▶ WHAT IS BEING ASKED:
Line by line, the data below should be set down unchanged, with images excluded.

▶ STORED DATA:
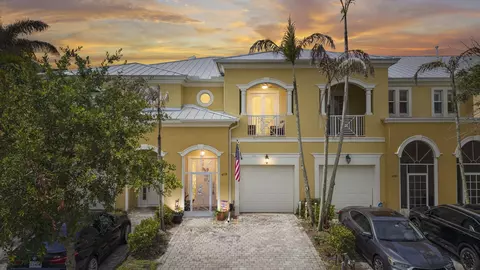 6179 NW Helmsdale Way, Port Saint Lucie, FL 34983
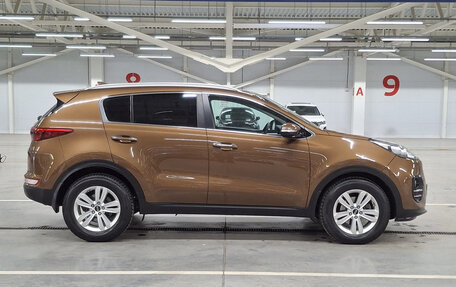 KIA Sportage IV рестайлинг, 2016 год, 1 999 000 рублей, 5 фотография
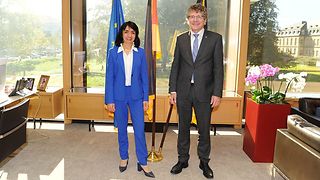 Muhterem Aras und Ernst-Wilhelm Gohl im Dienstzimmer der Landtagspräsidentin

▶ RESPONSE TO THE TASK:
 6179 NW Helmsdale Way, Port Saint Lucie, FL 34983
 KIA Sportage IV рестайлинг, 2016 год, 1 999 000 рублей, 5 фотография
 Muhterem Aras und Ernst-Wilhelm Gohl im Dienstzimmer der Landtagspräsidentin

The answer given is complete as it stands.